Collected material:
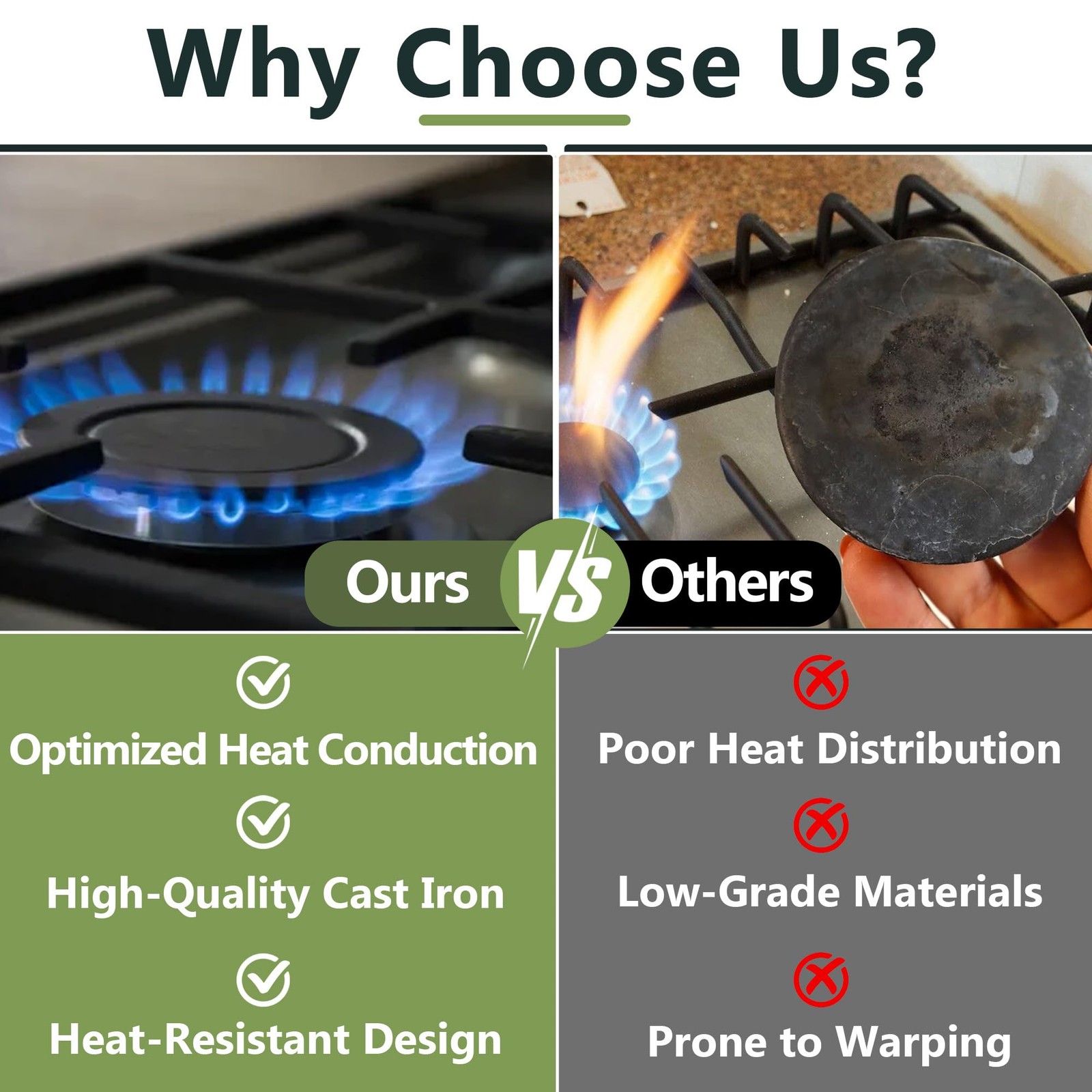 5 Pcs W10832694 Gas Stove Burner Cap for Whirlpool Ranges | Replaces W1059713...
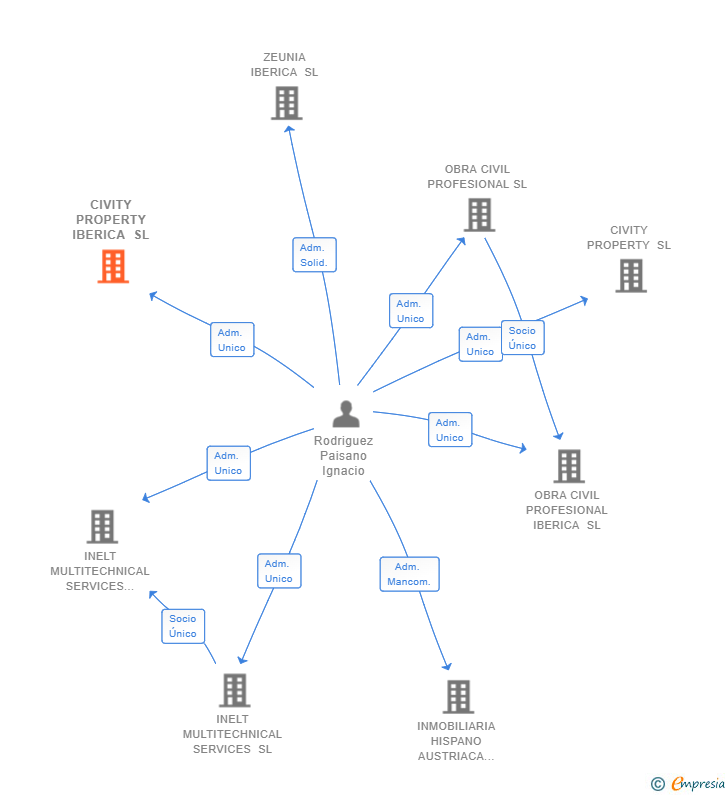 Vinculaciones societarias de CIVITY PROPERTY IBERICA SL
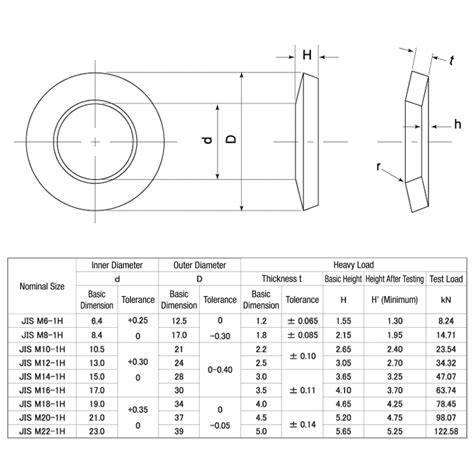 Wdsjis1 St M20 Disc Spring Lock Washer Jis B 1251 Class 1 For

Task directions: Every line from the one containing "Vinculaciones societarias de" through the last line of the data, both included, is to be repeated exactly; the pictures are to be left out.

Task output:
 Vinculaciones societarias de CIVITY PROPERTY IBERICA SL
 Wdsjis1 St M20 Disc Spring Lock Washer Jis B 1251 Class 1 For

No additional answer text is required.